DATA SHOWN:
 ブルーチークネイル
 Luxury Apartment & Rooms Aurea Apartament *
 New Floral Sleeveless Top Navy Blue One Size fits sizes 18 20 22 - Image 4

TASK BRIEF: Type the material above out again, exactly.

ANSWER TO THE PROBLEM:
 ブルーチークネイル
 Luxury Apartment & Rooms Aurea Apartament *
 New Floral Sleeveless Top Navy Blue One Size fits sizes 18 20 22 - Image 4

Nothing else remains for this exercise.